The April edition of the Whiskey Explorers Club sat on my desk for a long time, and I left it there for many reasons, none of them very good ones. I was traveling with John and Bill early in the summer, and it was crazy pushing through until we left; it was hell finding Bill a good ferret-sitter; John needed help finding his temporarily misplaced moralism–you know, typical kind of stuff. OK, the last one is obviously false, but you get the idea. No good excuses there, so my apologies to Doug Stone for taking so long to say anything at all about the last flight from the WEC. To his credit, though, Doug has never asked anything in particular of us with respect to our writing about our experiences with the WEC, though we assume he’d prefer we write something rather than nothing.
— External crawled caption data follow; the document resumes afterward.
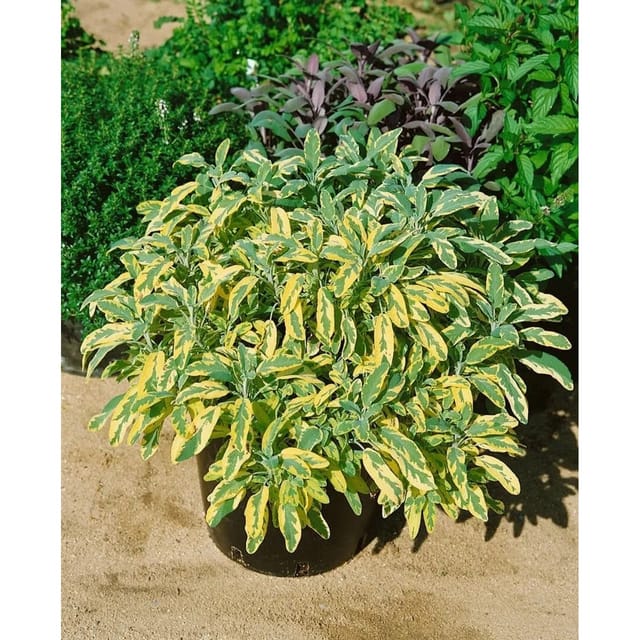 Salvia Officinalis Aurea Echter Salbei Ca. 9x9 cm Topf
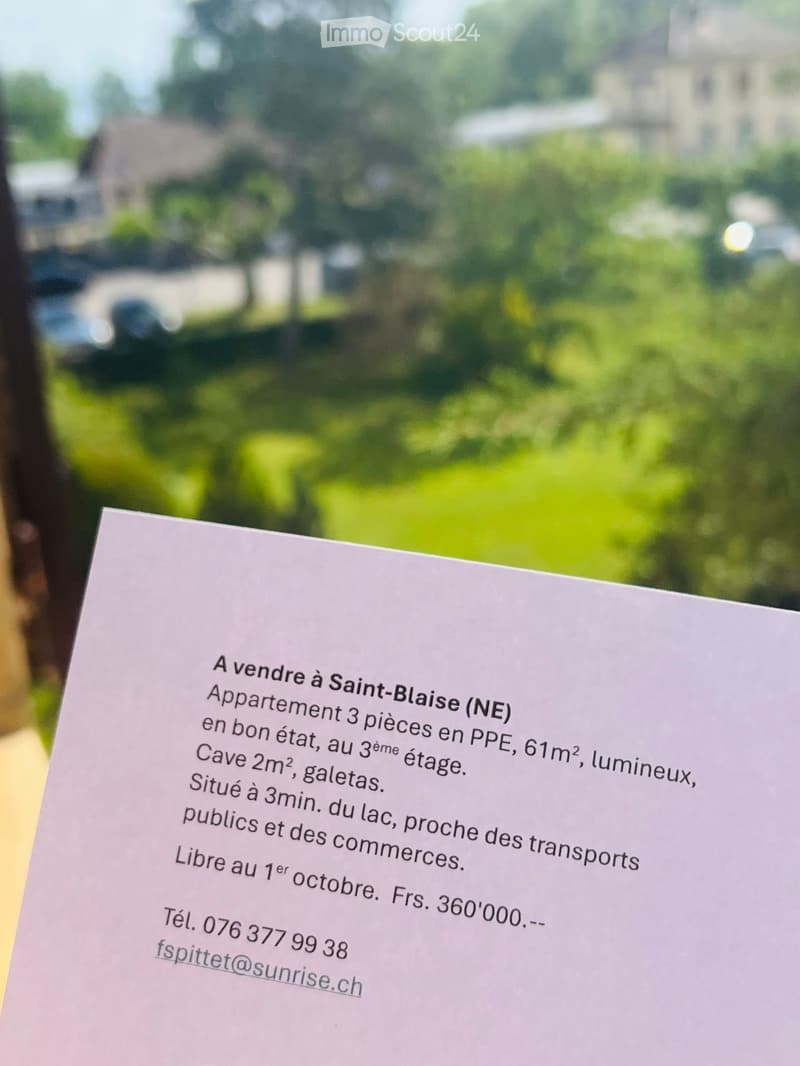 For sale in Saint-Blaise NE (1)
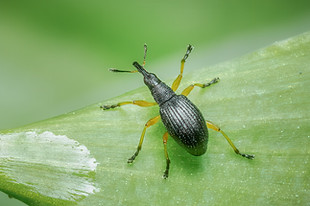 Protapion fulvipes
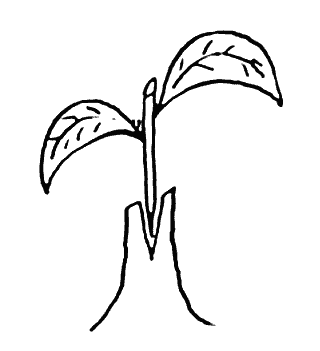 Grafting Camellias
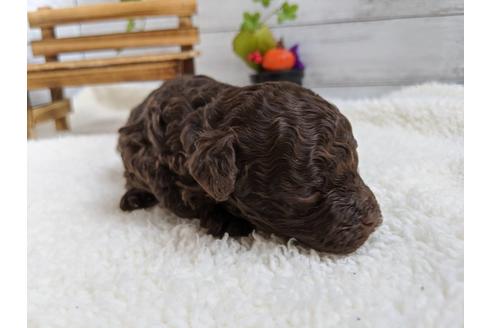 成約済の静岡県のトイプードル-84075の1枚目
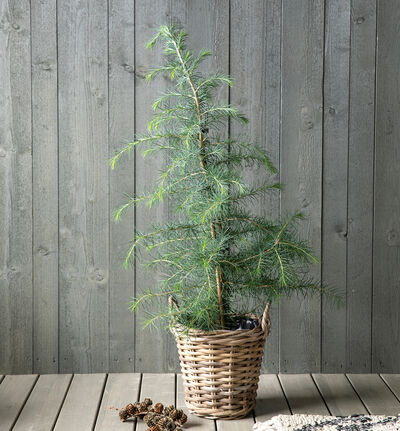 Sedertre 60 cm Sedertre 60 cm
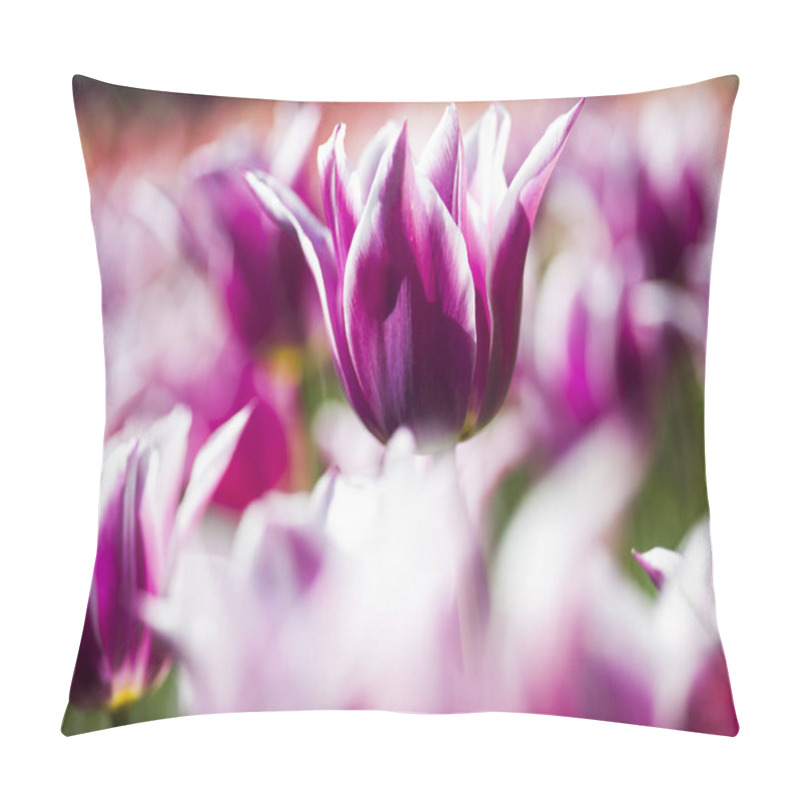 Personality  Fresh Spring Tulips Pillow Covers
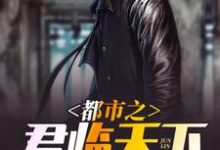 都市之君临天下小说阅读，都市之君临天下完结版-美文小说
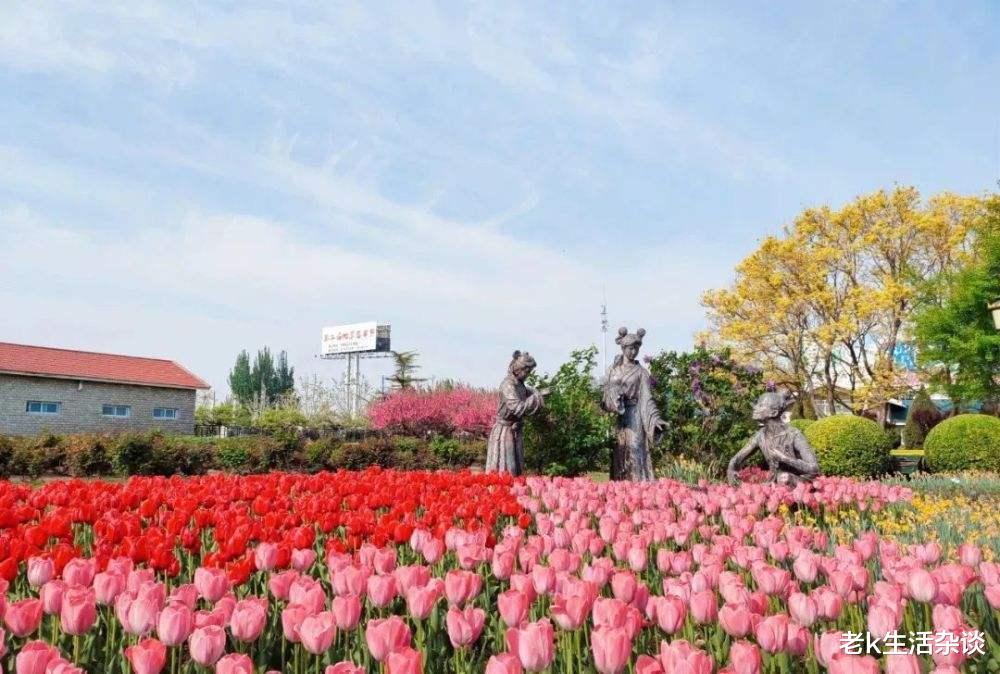 四川省|郁金香花开的季节，这三个景点，让你体验争奇斗艳香气扑鼻的感觉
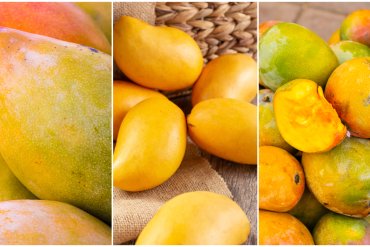 tipos de mangos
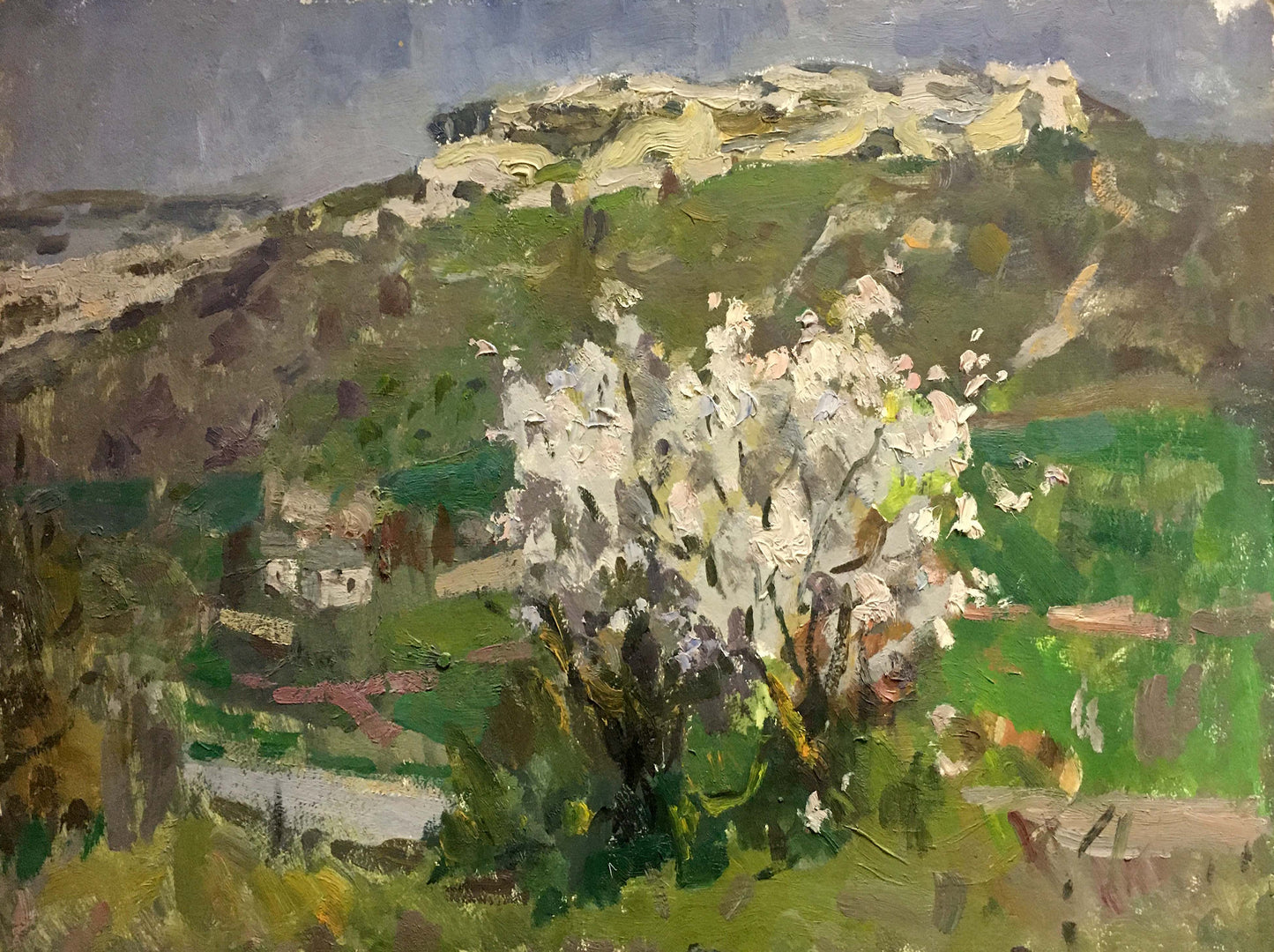 Oil painting by Golub Stepan Filippovich: blooming white tree on green hills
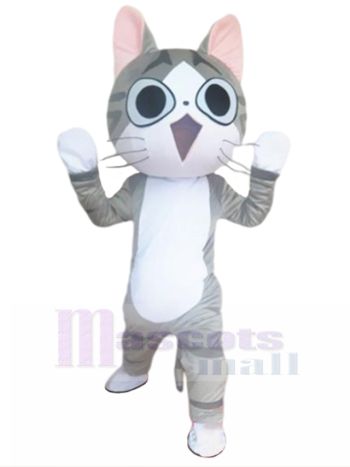 Katze maskottchen kostüm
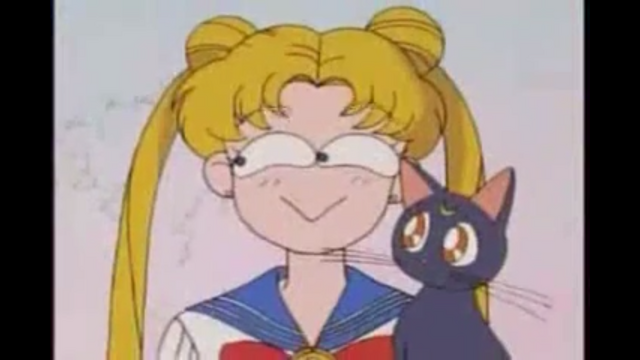 File:Usagi Maguire.png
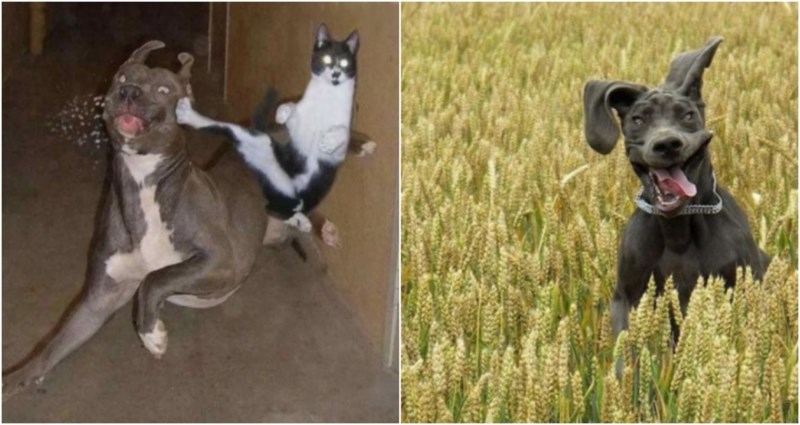 20+ smiješnih i simpatičnih fotki životinja koje će vam odmah izmamiti osmijeh na lice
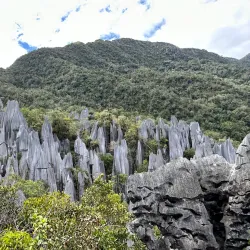 Gunung Mulu National Park - Sarawak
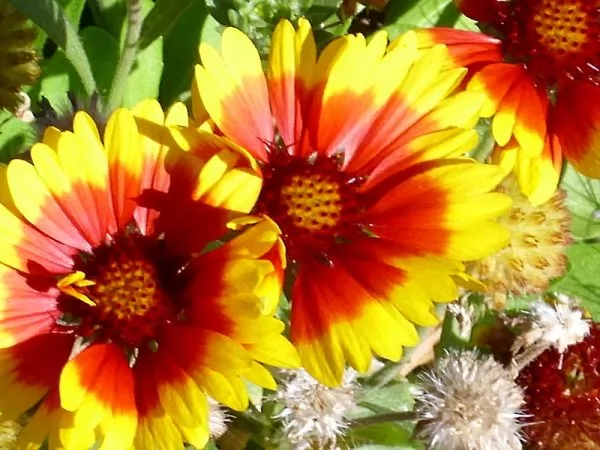 coltivazione gazania x hybrida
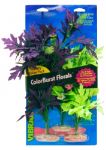 Value Pack - Amazon Broad Leaf Flowering Cluster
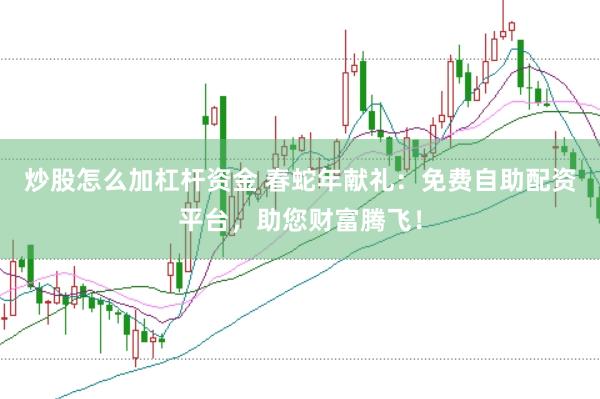 炒股怎么加杠杆资金 春蛇年献礼：免费自助配资平台，助您财富腾飞！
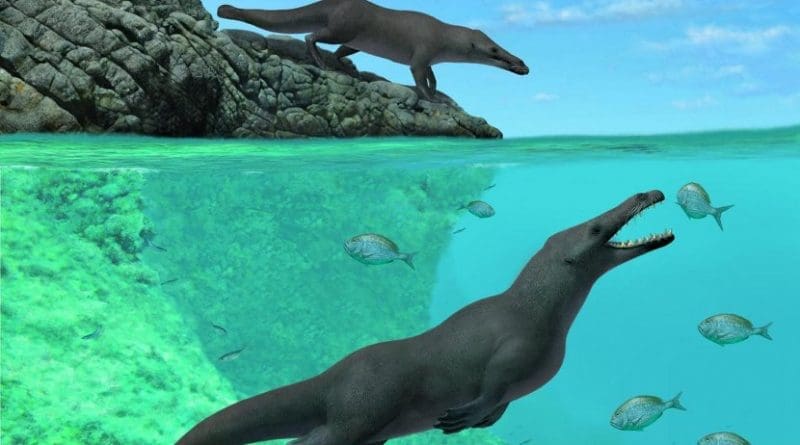 This illustration shows an artistic reconstruction of two individuals of Peregocetus, one standing along the rocky shore of nowadays Peru and the other preying upon sparid fish. The presence of a tail fluke remains hypothetical. Credit A. Gennari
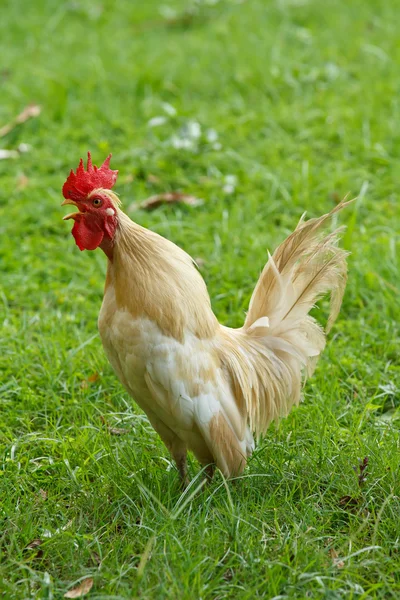 Stock image Cock crowing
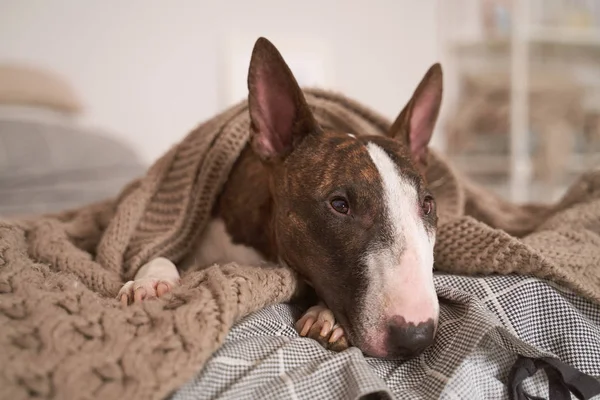 ベッドに寝そべって毛布で覆われた犬の写真 — ストック写真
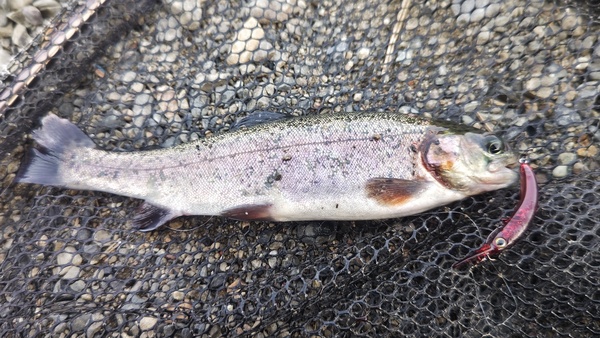 寝屋川店スタッフ　芥川マス釣り場釣果情報「２０２６年　２月１６日」サムネイル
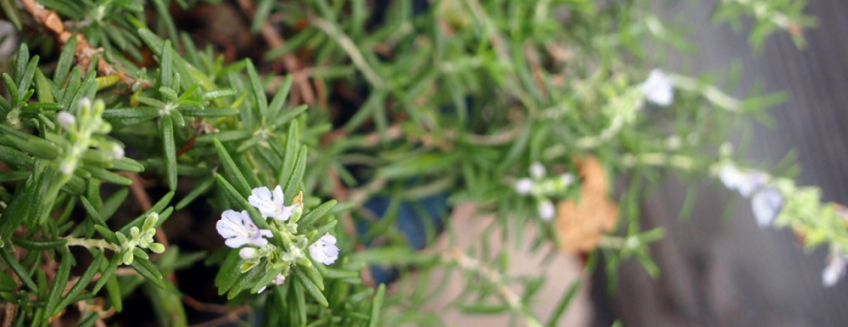 初めて咲いた、ローズマリーの花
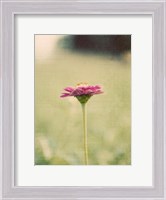 Framed Flower Portrait I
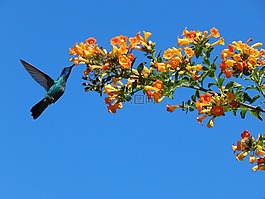 性質(zhì),樹,花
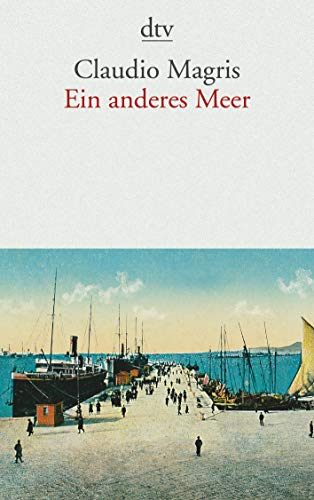 9783423138758: Ein anderes Meer: 13875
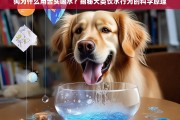 狗用舌头喝水的科学原理揭秘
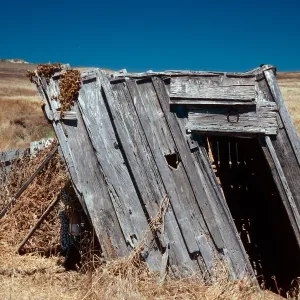 fishing shack, Morse Point, Santa Cruz Island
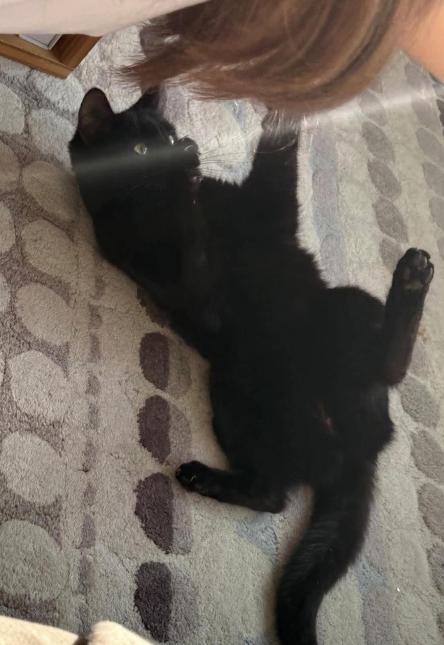 LUNA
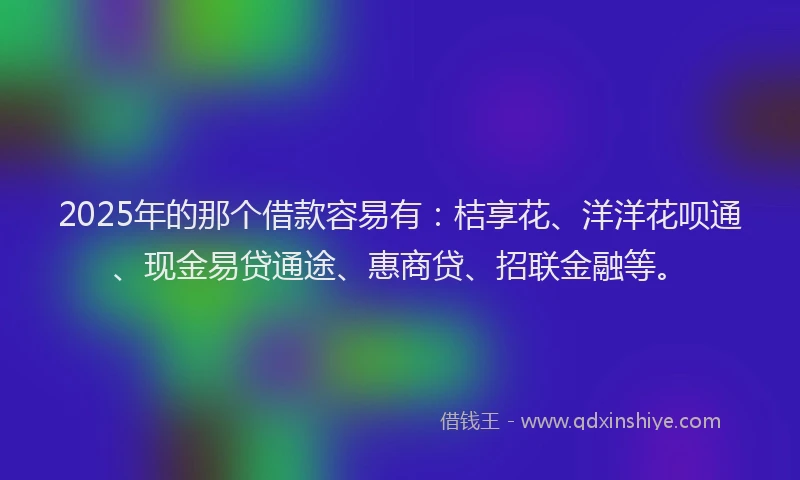 2025年的那个借款容易有：桔享花、洋洋花呗通、现金易贷通途、惠商贷、招联金融等。
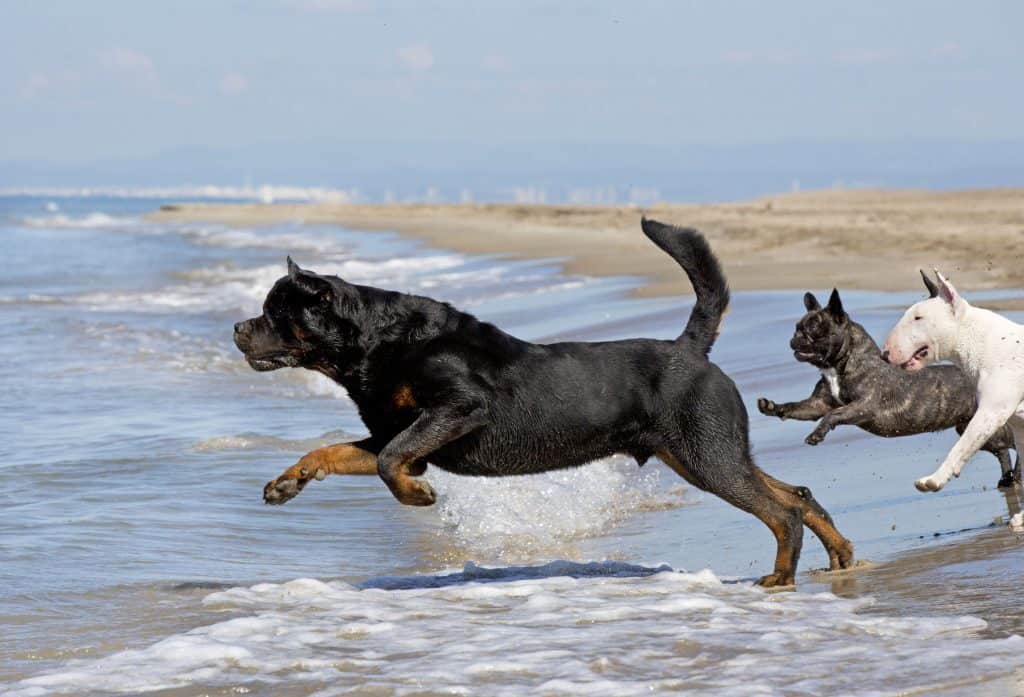 do rottweilers like water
After a trial run on the first iteration of WEC, we’ve tended not to reveal what’s in the flights, focusing instead more on how Doug Stone (who is the Founder and CEO of ForWhiskeyLovers.com) had been changing and improving the experience. Early on, we came to think of revealing what’s in the flights as jerk behavior, spoiling the surprise for others. Now, I think we see it differently: the value of the blind tasting is something to be protected. The WEC provides members with the opportunity to taste a variety of different whiskies or whiskeys and to nose and look at and taste them on their own merits, detached from a great label or a sexy bottle or an age statement. And let me tell you, it gives you a great perspective on whisky and whiskey to taste blind. In fact, in this last flight were a couple of expressions I knew well but couldn’t recognize easily. In part, that was because I found notes and flavors I didn’t remember in them from before, and I’m quite sure that my attention to these notes and flavors came from the fact that I was tasting blind.
It’s humbling to get the expression wrong when you’ve known it well and you have a one in five chance of guessing it. But that just goes to show what your knowledge of what you’re drinking affects your subjective experience of it. Not that there’s anything wrong with that, mind you: the whole experience of drinking whisky is rather subjective, but it’s good to blindfold your subjectivity a bit here and there and make your nose and your tongue and your eyes do the work on the liquid and only on the liquid.
Think of it as training.
You could probably stand to get in better shape.